YOUR GOAL: Every line from the one with "Overeating may be" through the end of the entries below should be written out exactly; the pictures should not.

Short descriptive text snippets:
----

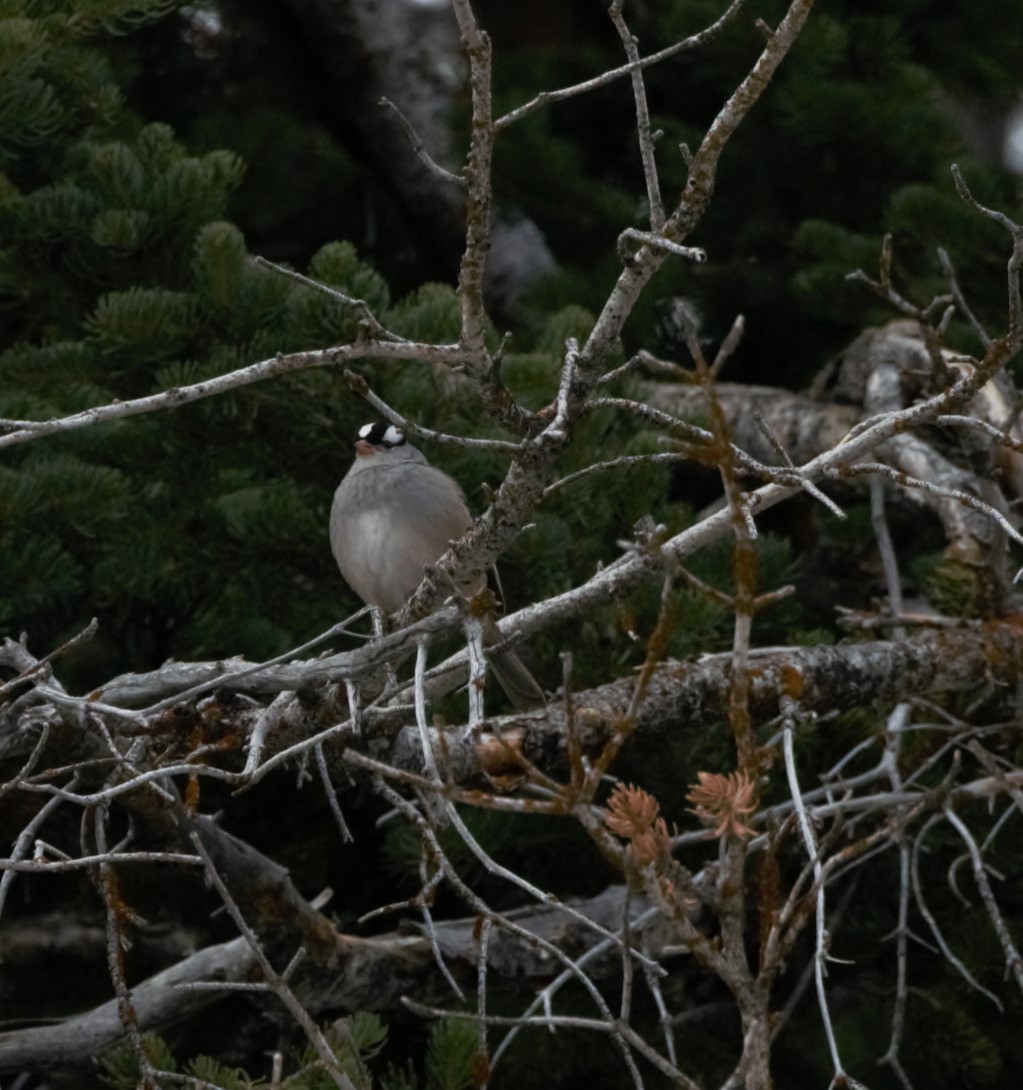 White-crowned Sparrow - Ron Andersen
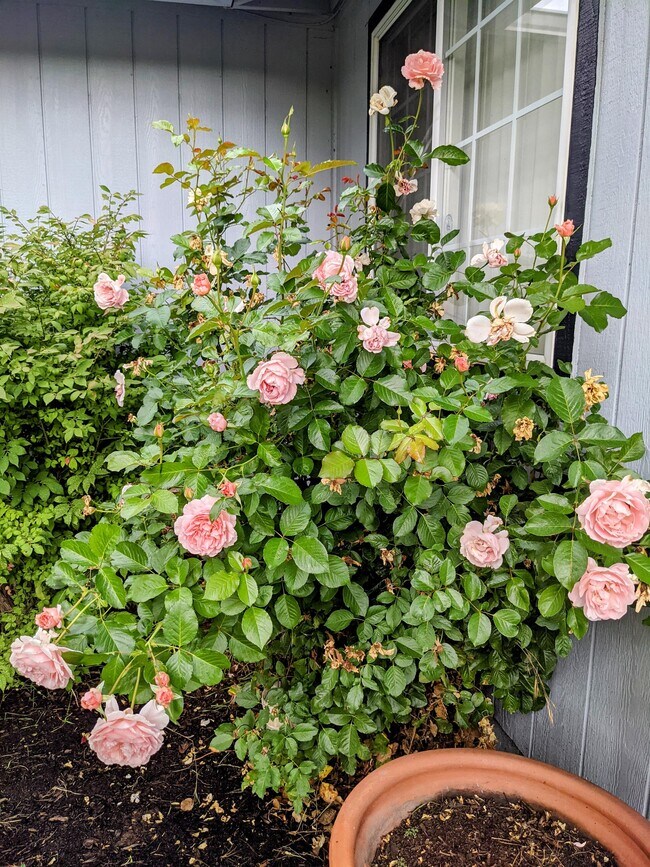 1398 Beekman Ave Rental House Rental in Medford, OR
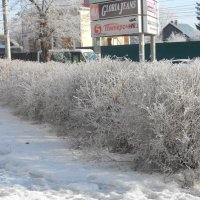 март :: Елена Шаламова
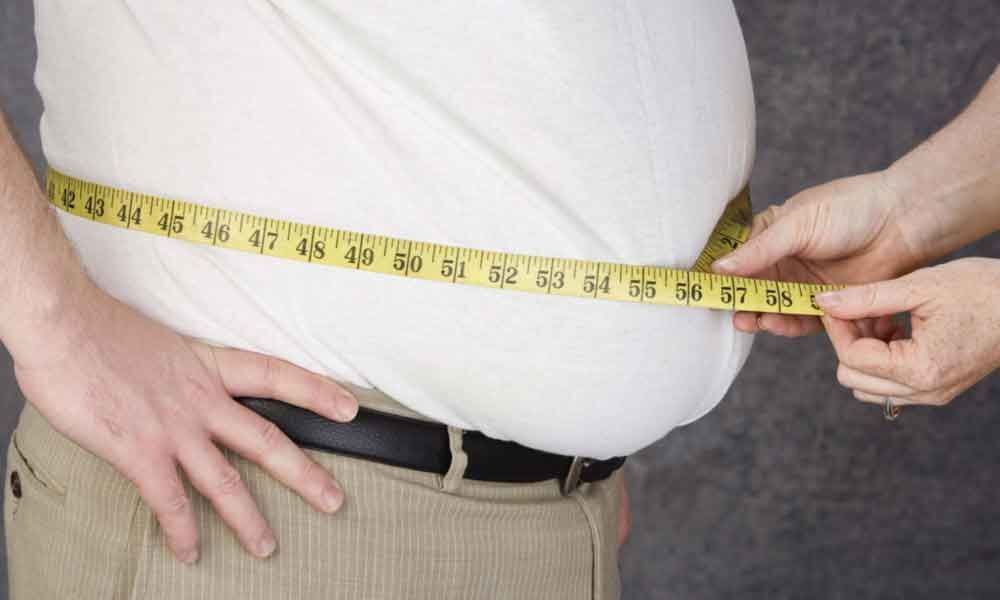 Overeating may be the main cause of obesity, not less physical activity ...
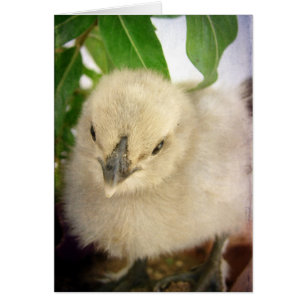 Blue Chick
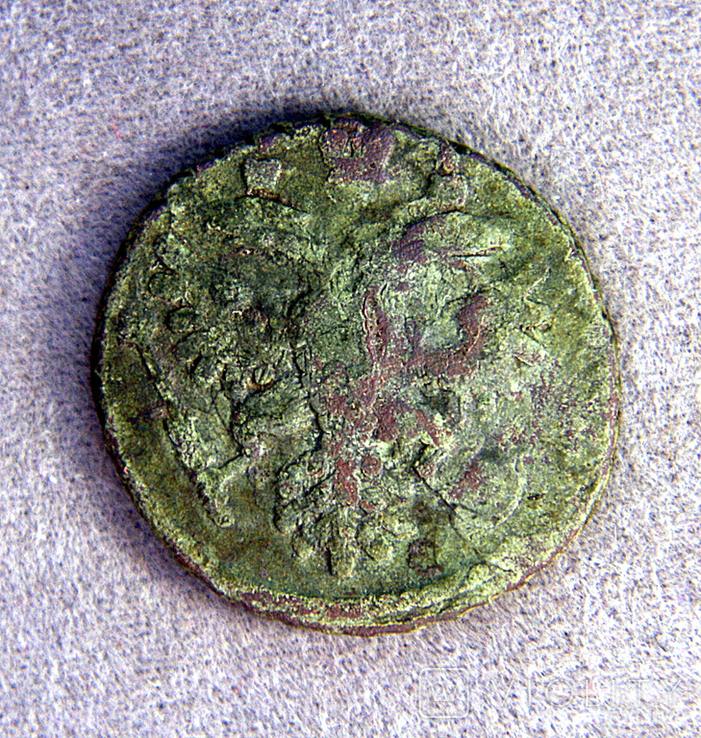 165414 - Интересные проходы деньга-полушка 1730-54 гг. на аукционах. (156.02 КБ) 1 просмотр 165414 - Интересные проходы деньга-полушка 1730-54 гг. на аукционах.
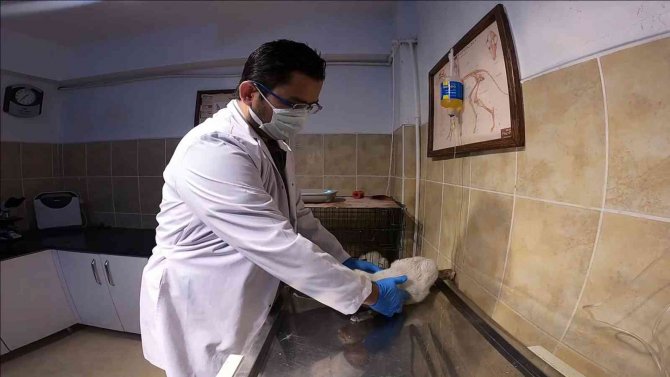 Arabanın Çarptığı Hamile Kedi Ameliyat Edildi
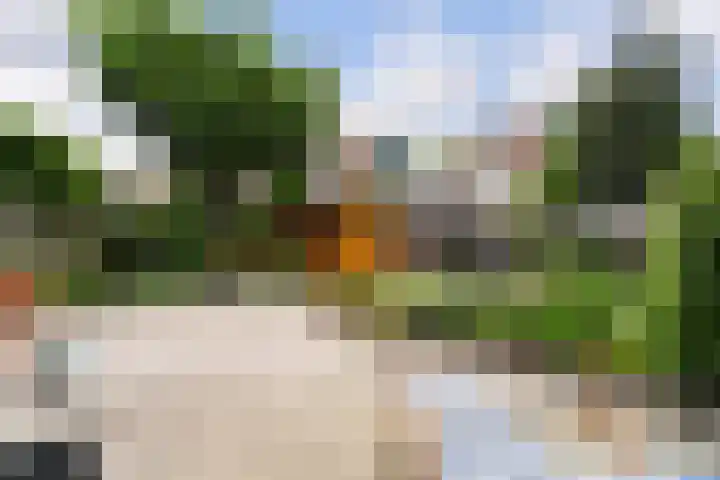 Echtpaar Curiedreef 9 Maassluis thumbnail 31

----

SOLUTION BELOW:
 Overeating may be the main cause of obesity, not less physical activity ...
 Blue Chick
 165414 - Интересные проходы деньга-полушка 1730-54 гг. на аукционах. (156.02 КБ) 1 просмотр 165414 - Интересные проходы деньга-полушка 1730-54 гг. на аукционах.
 Arabanın Çarptığı Hamile Kedi Ameliyat Edildi
 Echtpaar Curiedreef 9 Maassluis thumbnail 31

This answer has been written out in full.